SC - Duello by Cheese Cake; High Noon in Trimaris, Spoons at the Ready

david friedman ddfr at best.com
Thu Feb 8 13:11:29 PST 2001


At 5:30 PM -0500 1/9/01, Daniel Phelps wrote:
>Good Gentles of the List:
>
>Come an event in April there is to be a cheese cake baking duel down here in
>southern Trimaris.  Originally it was intended to be the baking of "mundane"
>cheese cakes but I stuck a spoon in the bowl and now a least one of the
>cheese cakes to be made by each of the two protagonists needs be "period".
>I've access in my personal library to six recipes in non redacted and
>redacted forms which arguably fit the bill.  The earliest on the list is
>Roman, Savillum (Cato).  The list then proceeds to French and Italian with
>Sambocade, Torta Bianca and Sienese Tart and culminates in English recipes
>from Elinor Fettiplace and Joan Cromwell which take us to the 16th century?
>and on to 1664  (yes slightly out of period) respectively.

How about Tart de Bry (English 14th c.)? We have a worked-out version 
in the Miscellany, along with one for Platina's White Torta (torta 
bianca) and the Digby recipe someone already posted.

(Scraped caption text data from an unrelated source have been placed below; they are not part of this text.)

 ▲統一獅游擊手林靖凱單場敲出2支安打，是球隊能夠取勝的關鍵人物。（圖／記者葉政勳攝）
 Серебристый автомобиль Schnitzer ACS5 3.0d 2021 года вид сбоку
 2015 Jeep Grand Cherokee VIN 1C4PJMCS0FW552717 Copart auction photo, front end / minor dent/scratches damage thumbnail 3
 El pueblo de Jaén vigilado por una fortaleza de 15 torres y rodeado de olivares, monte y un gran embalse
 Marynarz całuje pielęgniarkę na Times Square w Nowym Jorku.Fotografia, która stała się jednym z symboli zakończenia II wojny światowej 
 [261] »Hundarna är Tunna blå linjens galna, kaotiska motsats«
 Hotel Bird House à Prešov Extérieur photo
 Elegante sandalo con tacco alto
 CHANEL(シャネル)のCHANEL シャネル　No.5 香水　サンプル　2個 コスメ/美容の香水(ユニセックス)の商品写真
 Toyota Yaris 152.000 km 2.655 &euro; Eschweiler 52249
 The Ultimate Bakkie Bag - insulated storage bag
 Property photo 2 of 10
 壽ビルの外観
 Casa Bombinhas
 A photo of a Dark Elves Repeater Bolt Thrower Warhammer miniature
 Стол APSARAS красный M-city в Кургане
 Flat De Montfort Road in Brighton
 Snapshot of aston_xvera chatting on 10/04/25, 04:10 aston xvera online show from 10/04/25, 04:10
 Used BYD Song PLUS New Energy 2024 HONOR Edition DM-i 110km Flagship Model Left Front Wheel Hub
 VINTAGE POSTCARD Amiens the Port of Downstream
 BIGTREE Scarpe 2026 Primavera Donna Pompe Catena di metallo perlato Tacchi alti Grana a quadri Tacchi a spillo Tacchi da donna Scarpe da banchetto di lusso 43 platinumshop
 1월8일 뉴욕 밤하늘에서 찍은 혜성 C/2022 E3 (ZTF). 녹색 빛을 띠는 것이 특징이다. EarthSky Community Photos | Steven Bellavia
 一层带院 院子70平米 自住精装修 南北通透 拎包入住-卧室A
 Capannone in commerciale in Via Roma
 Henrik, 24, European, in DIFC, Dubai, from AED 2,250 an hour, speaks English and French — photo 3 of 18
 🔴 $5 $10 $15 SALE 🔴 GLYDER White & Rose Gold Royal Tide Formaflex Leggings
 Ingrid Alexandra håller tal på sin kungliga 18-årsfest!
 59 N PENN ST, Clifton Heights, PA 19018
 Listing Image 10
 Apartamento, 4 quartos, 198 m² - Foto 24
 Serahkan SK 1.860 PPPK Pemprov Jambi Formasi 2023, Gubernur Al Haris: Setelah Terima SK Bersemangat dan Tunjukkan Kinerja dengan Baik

>For purposes of the competition we have used the classic "Cheesecake"
>entries in Joy of Cooking as an archetype.   Cheesecake, per "The Joy of
>Cooking", is thus egg-based with CHEESE, plus sugar or honey and some sort
>of flavoring and occasionally flour and milk or cream.  Regards the CHEESE;
>baker's cheese, cottage cheese, cream cheese, ricotta are all apparently
>used in typical modern recipes.

For a non-sweet cheese pie, there is also an English 15th c. recipe 
"For Tarts owte of Lente": very rich, very good. And if you really 
want to stretch the definition, you could try Platina's recipe for 
Torta of Herbs in the Month of May, including the optional sugar: 
cheese, eggs whites, sugar, butter (and herbs). Or to stretch it even 
farther, the Andalusian Cheese and Flour Cake, which has alternate 
layers of dough and cheese, baked and then drizzled with honey, with 
sugar and pepper sprinkled over.

All recipes mentioned are in the Miscllany.